To be more critical on the severity of the problem, I have found a study conducted in 1997 examining pain management among patients with metastatic cancer found that only 35% of racial minority patients received the appropriate prescriptions. We are talking about cancer patients, giving the wrong prescription to such vulnerable patients can have lethal consequences. So, I don’t think I need to further emphasize how serious this issue is and how urgently we need to abolish this myth.

How can we abolish this myth?

This problem has also been created by the lack of data collection that is happening in major hospitals. Medics should collect every piece of data from a patient, this also includes the pain management of the patient based on how many painkillers he has been prescribed based on other personal information such as the ethnicity of the patient. With this sort of data, we can not only prove that racial bias exists in certain hospitals, but we can also assure that racial biases are being abolished in other hospitals.

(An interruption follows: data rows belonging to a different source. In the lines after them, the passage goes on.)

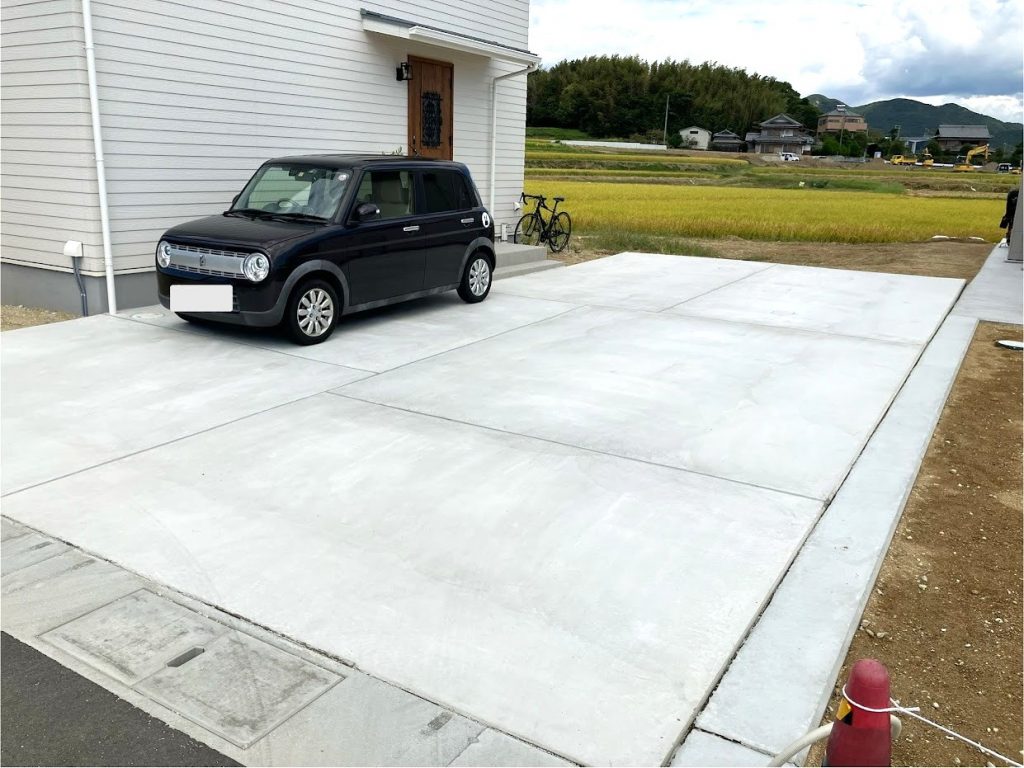LIXILフェンスAB・ハイグリッドUF8型採用｜シンプルで機能的な新築外構プラン／淡路島／淡路市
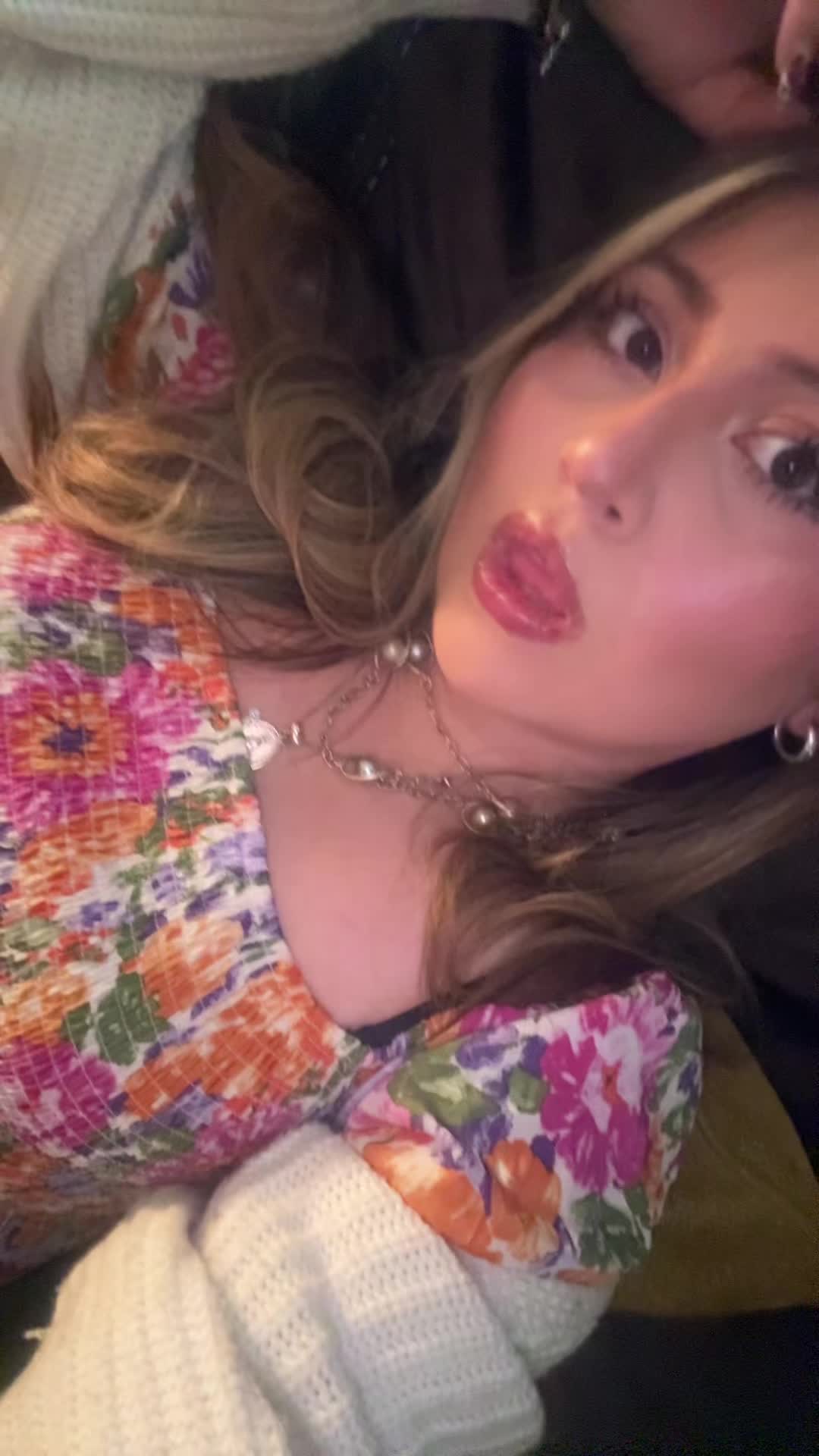@Sophie<3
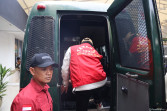 Pelaksanaan Tahap II dan Pemindahan Tahanan Terhadap Tersangka UI dalam Perkara Korupsi Pemkab Kotawaringin Barat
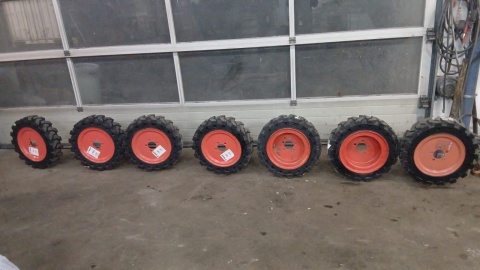 Koło opona pełna solid 5.70-12 Bobcat S70 ładowarka wózek widłowy bliźniak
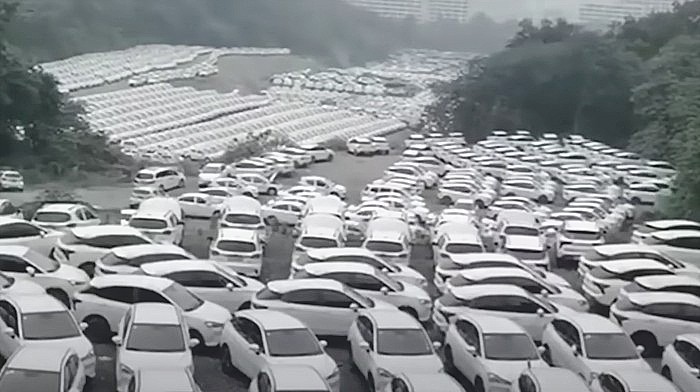 Mobil listrik terbengkalai di China. (Capture: YouTube@serpentza)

Another good way to abolish this myth from hospitals is to standardize the process of pain analysis by having each medic follow specific guidelines when coming up with a diagnosis and offering a prescription. By implementing a systematic approach to the process of diagnosis and medical prescription, we can remove individual discretion which translates to removing this hidden bias undertreating people of other races. The AAPM (American Academy of Pain Medicine) is working towards implementing specific guidelines for medics to follow when treating different types of pains patients might present.

Researchers are looking at more technologically advanced ways of analyzing pain, not only because of this hidden bias but also because patients don’t always know how to describe the type of pain they are feeling, as well as seldom medics don’t correctly estimate the type of pain felt by the patient. Therefore researchers are developing a blood test that uses biomarkers that can analyze the type of pain felt by the patient as well as its intensity.

However, besides all these implementations within the medical system, we need to make people aware of this myth. The more people know the truth behind this myth the higher the chances of this truth being spread around the world in order to stop this hidden bias and racist action despite it being with or without intention.